Product data is being demanded by export markets – is this New Zealand’s next export market challenge?
Global markets for food are increasingly demanding standardised product data from farmers, processors and suppliers. For New Zealand and other food exporting nations, meeting these demands is becoming critical to market access, competitive advantage and national income. This poses the question: is meeting increasing product data requirements New Zealand’s next export market challenge?
GS1 standards are being leveraged by exporting nations
GS1 standards have a key role to play in enabling New Zealand businesses to export products to the world, with GS1 Global Trade Item Numbers (GTINs) and Global Location Numbers (GLNs) widely used in production and trade – these are being leveraged in other countries to help businesses exporting product such as Australia and China.
For all nations exporting, the way forward is to build digital and data capabilities that enable interoperability, transparency and traceability within and between national economies. This is particularly relevant in a world increasingly focused on food safety and security, on product provenance and sustainability, and on control and efficiency of global trade.
Australia and China move on digital plans
Other nations are doing exactly this. In 2023, Australia adopted a National Agricultural Traceability Strategy. This established one nationwide platform for interoperable traceability systems across red meat, seafood and fresh produce sectors. The Australian Government spells out the purpose in simple terms, “to improve food safety, access premium markets, enhance transparency, and support trade”.
In Australia, initiatives like AgTrace are being piloted which embed global data standards for identification and data sharing – most prominently GS1 Global Trade Item Numbers and Global Location Numbers (GTINs and GLNs). AgTrace is designed to help Australia meet European Union deforestation rules, automate compliance with trade regulations, create “digital product passports” and much more.
Meanwhile in China, China’s National Smart Agriculture Action Plan (2024-28) is digitalising farming and related supply chains for the purposes of domestic food security and export competitiveness. Its first phase will bring 10,000 farms and 1000 processing plants onto one national data platform that enables real-time data collection and sharing, traceability across crops, livestock and fisheries, and system interoperability for a host of other functions.
A call to go faster in New Zealand
New Zealand businesses are familiar with GS1 identifiers and standards for data capture and sharing. These are in common use across much of our economy and export industries. However, New Zealand might need to go much further and faster with global identification and data sharing standards for agriculture, ensuring these are built into digital and data capabilities that meet export market information demands as these demands increase.
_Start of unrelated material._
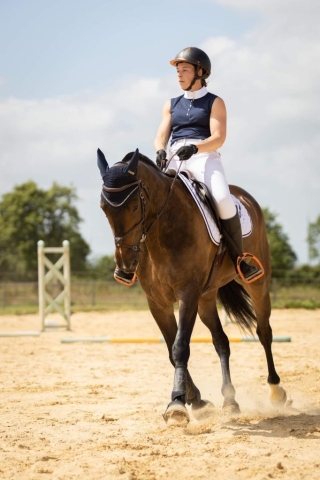 Ostéopathe Equin - Eure - Normandie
We suggest New Zealand needs more digital infrastructure designed to promote interoperability of systems for participants in food producing and exporting sectors.
GS1 has the basic building blocks for the data systems that are increasingly demanded of our producers and exporters and it seems a coordinated all-of-sector approach would be beneficial for businesses exporting product.
The opportunities seem significant for sector leaders to go further with the building blocks already to hand – and for government to drive a global standards-based, least-cost national approach to meeting the world’s growing information demands.